* _EXCERPTED RECORDS_
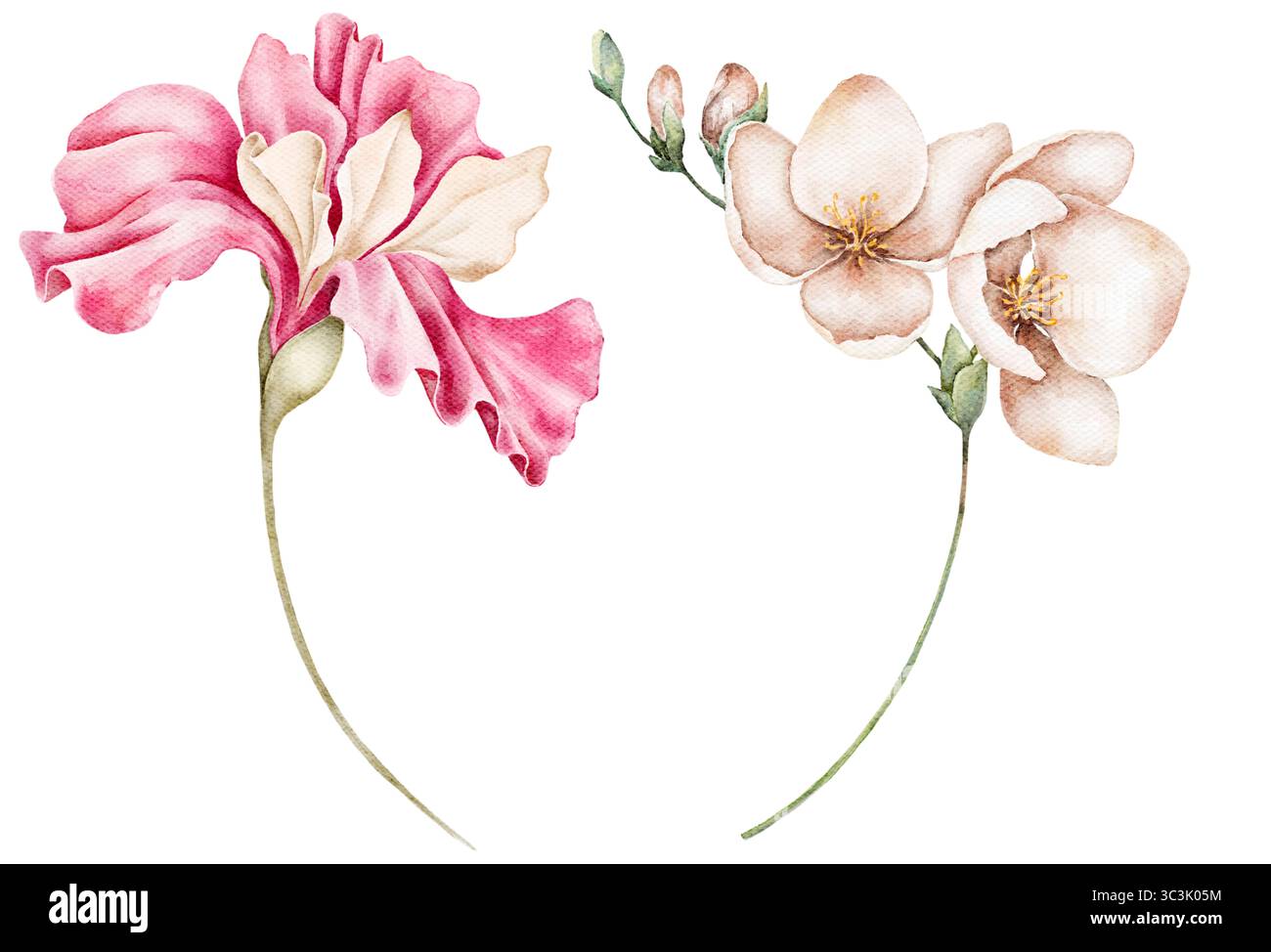 Aquarellillustration Clipart aus rosa und beigen Blumen mit zarten Blütenblättern. Handbemalt und perfekt für Hochzeitseinladungen, Verpackungen oder Künstler Stockfoto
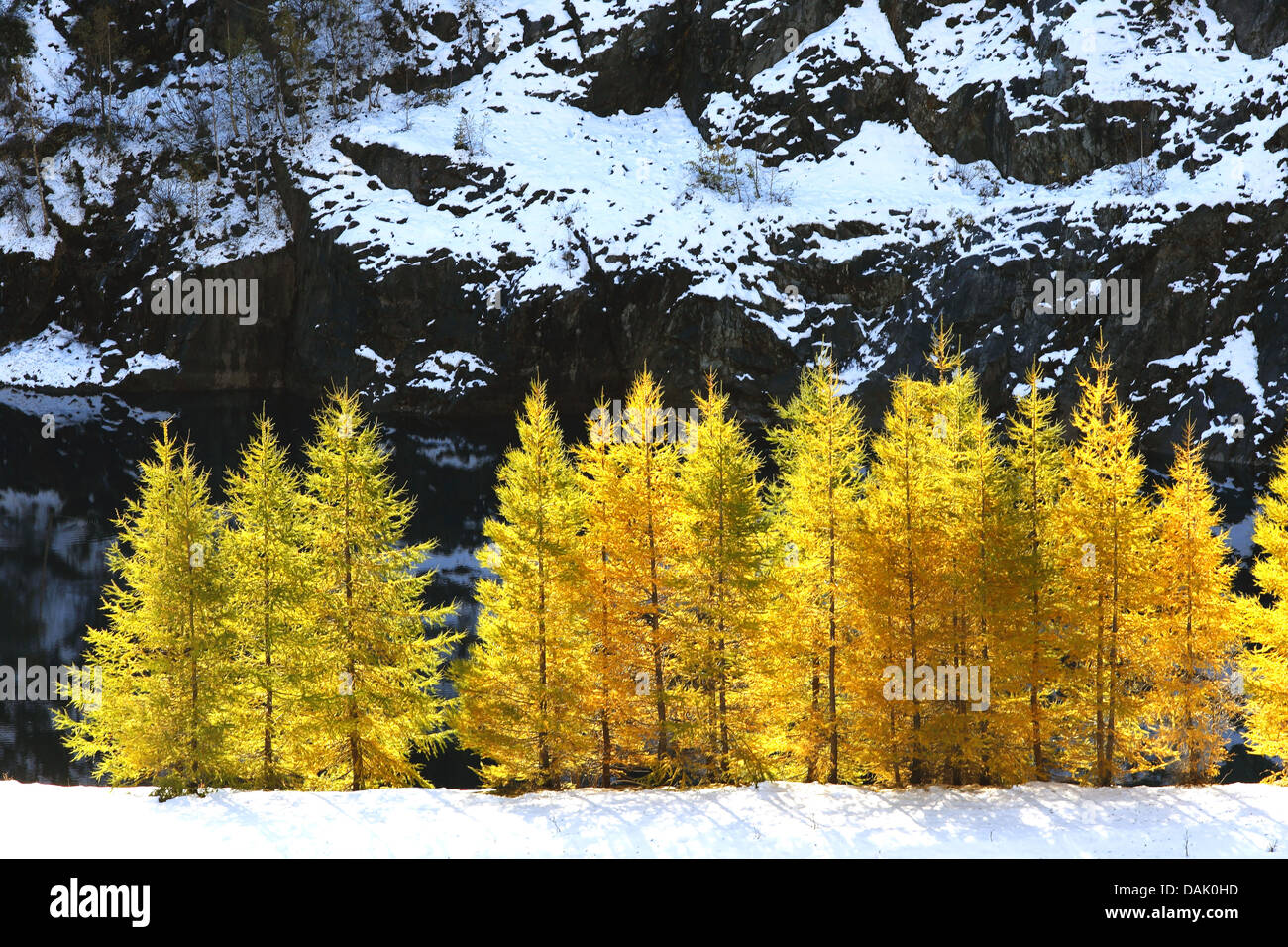 common larch, European larch (Larix decidua, Larix europaea), grove in front of snow-covered rock wall at the Ailefroide, France, Vallouise, Col d'Arsine Stock Photo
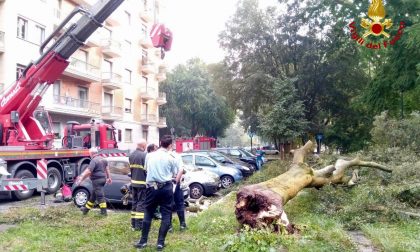 Crolla albero in Lungopo, distrutte tre vetture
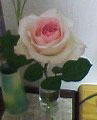 rose050317.jpg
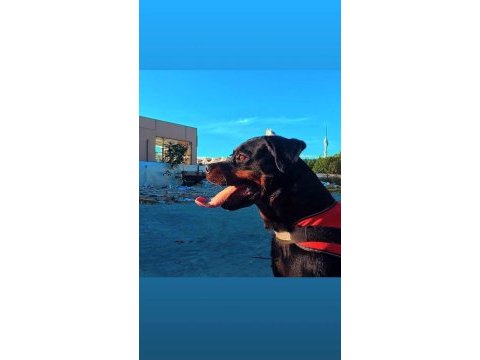 Şampiyon yavrusu dişi rottweiler 1 yaşında safkan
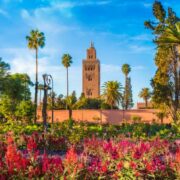 Things to Do in Marrakech
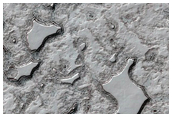 Monitoring of South Polar Residual Cap Albedo Features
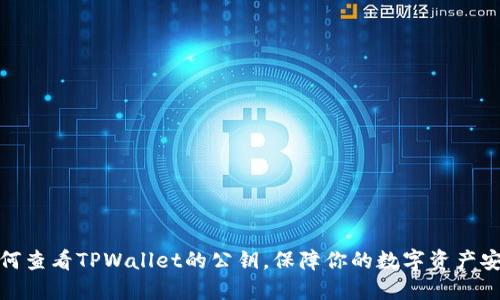 如何查看TPWallet的公钥，保障你的数字资产安全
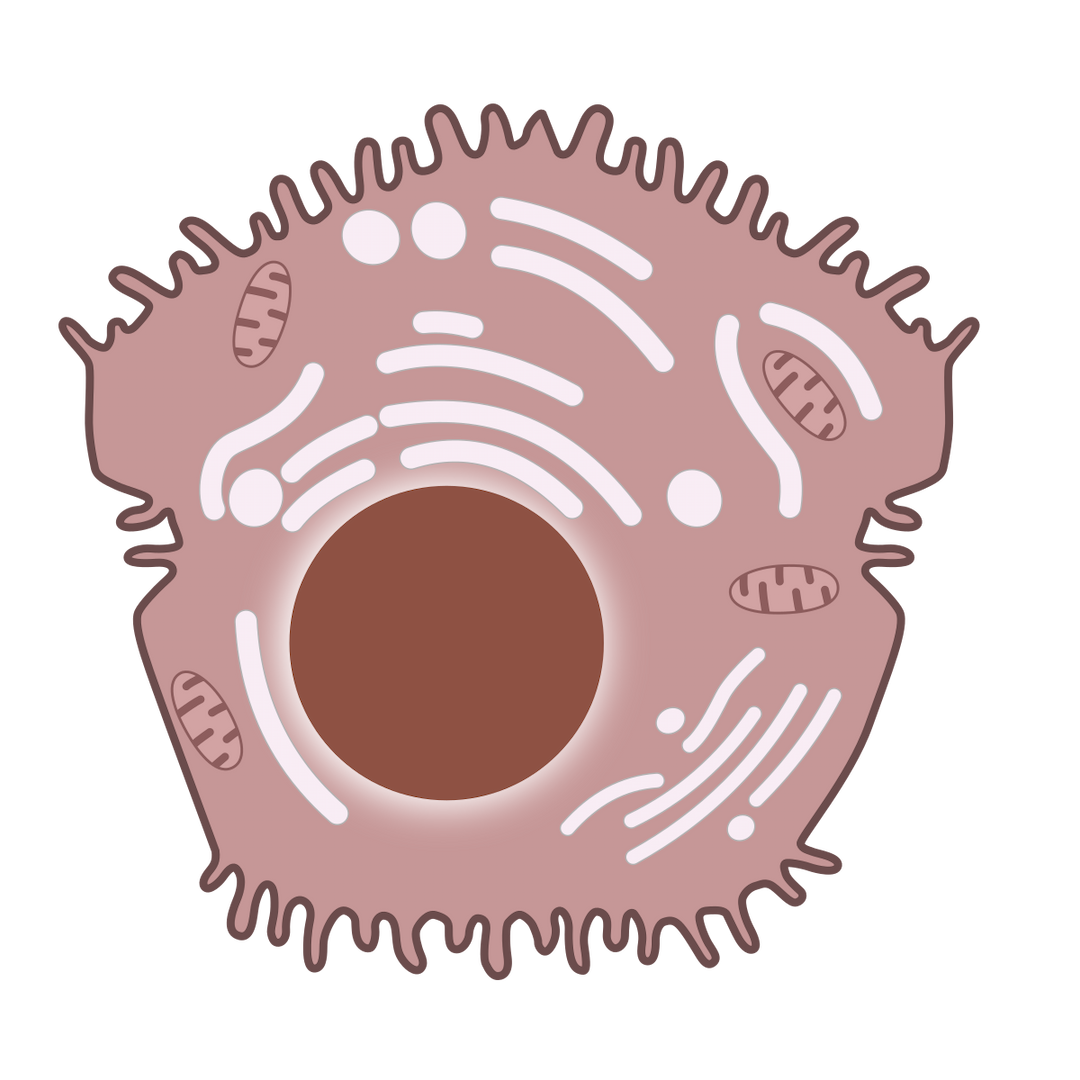 Hépatocyte — Wikipédia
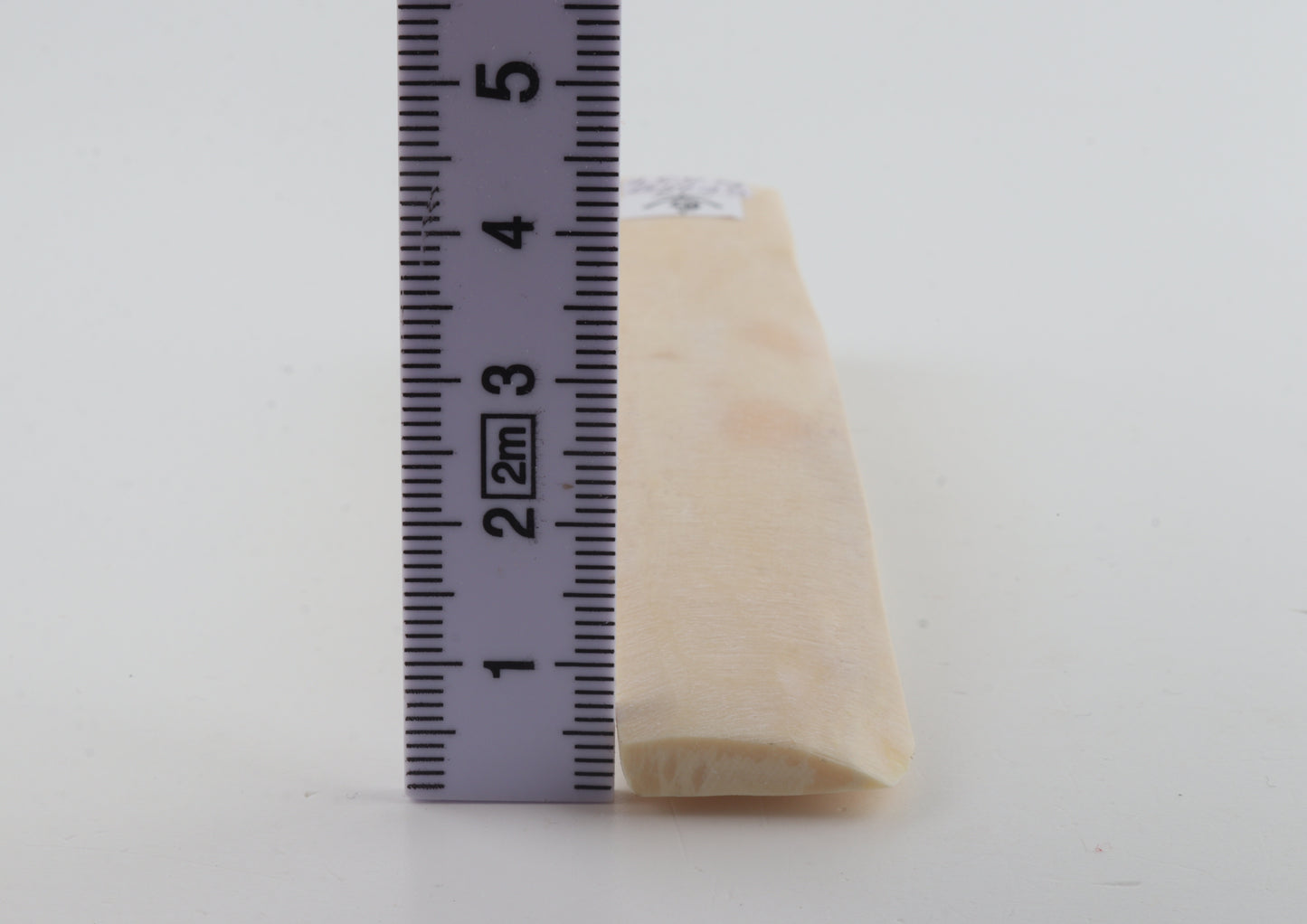 White mammoth ivory segment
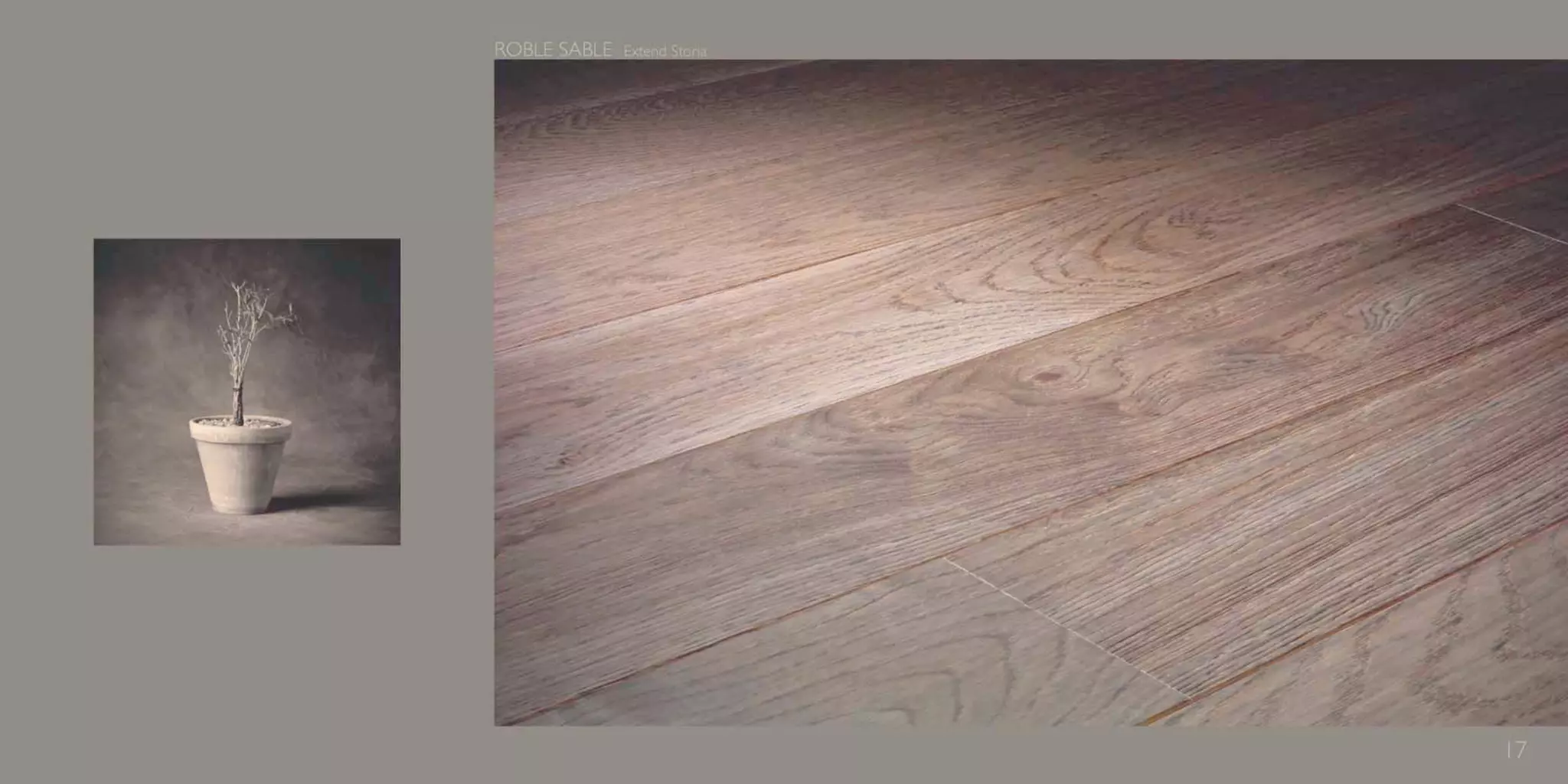 Catálogo Marty Madrid Forest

* _ABOUT THIS EXERCISE_
Print the lines from the one that contains "Şampiyon yavrusu dişi" through the last line of the data, exactly and in full, and no other lines. Pictures are not part of the copy.

* _COMPLETED TASK_
 Şampiyon yavrusu dişi rottweiler 1 yaşında safkan
 Things to Do in Marrakech
 Monitoring of South Polar Residual Cap Albedo Features
 如何查看TPWallet的公钥，保障你的数字资产安全
 Hépatocyte — Wikipédia
 White mammoth ivory segment
 Catálogo Marty Madrid Forest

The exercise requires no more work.